SageMaker and Apache Spark

You can integrate SageMaker and Spark.

  • Pre-process data as normal with Spark

    • Popular for pre-processing data
    • Generate DataFrames
      • load up your data into something called a data frame within spark and you can distribute the processing of that data frame to sort of manipulate and massage that data across an entire cluster on Spark.
  • Use sagemaker-spark library

    • Use the power of both

    • lets you use sage maker within a spark driver script.

  • SageMakerEstimator

    • KMeans, PCA, XGBoost

    • it looks a lot like just normal spark code if you look at it here, if you're familiar with Spark code, but instead of using a spark MLlib implementation, we're using a sage maker estimator in a sage make model instead.

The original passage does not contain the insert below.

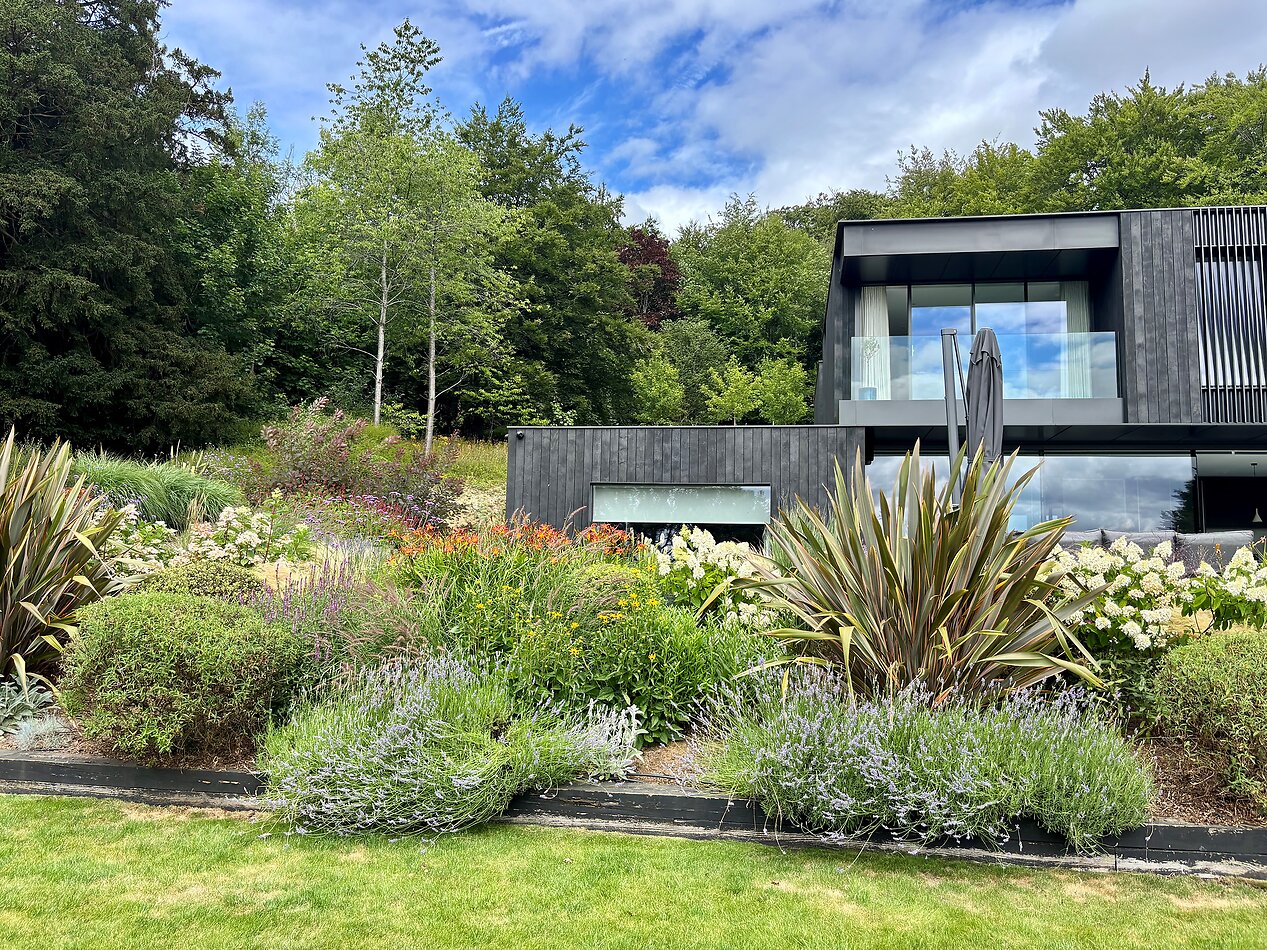 Hillview Surrey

    • The SageMakerEstimator classes allow tight integration between Spark and SageMaker for several models including XGBoost, and offers the simplest solution. You can't deploy SageMaker to an EMR cluster, and XGBoost actually requires LibSVM or CSV input, not RecordIO.

  • SageMakerModel to make inferences

  • Notebooks can use the SparkMagic (PySpark) kernel

Integrating SageMaker and Spark in Practice

  • Connect SageMaker notebook to a remote EMR cluster running Spark (or use Zeppelin)

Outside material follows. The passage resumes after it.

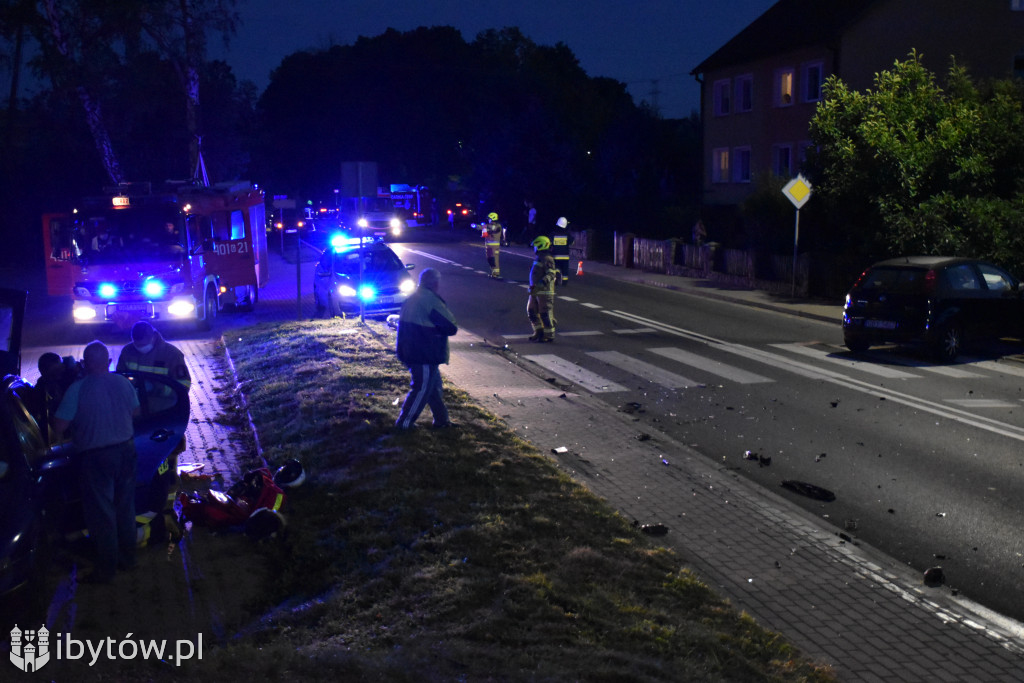 KOLIZJA W TUCHOMIU. Zderzenie dwóch samochodów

  • Training dataframe should have:

    • A features column that is a vector of Doubles

    • An optional labels column of Doubles

  • Call fit on your SageMakerEstimator to get a SageMakerModel

  • Call transform on the SageMakerModel to make inferences

  • Works with Spark Pipelines as well

Why bother?

  • Allows you to combine pre- processing big data in Spark with training and inference in SageMaker.
  • EMR and SageMaker are now very tightly integrated.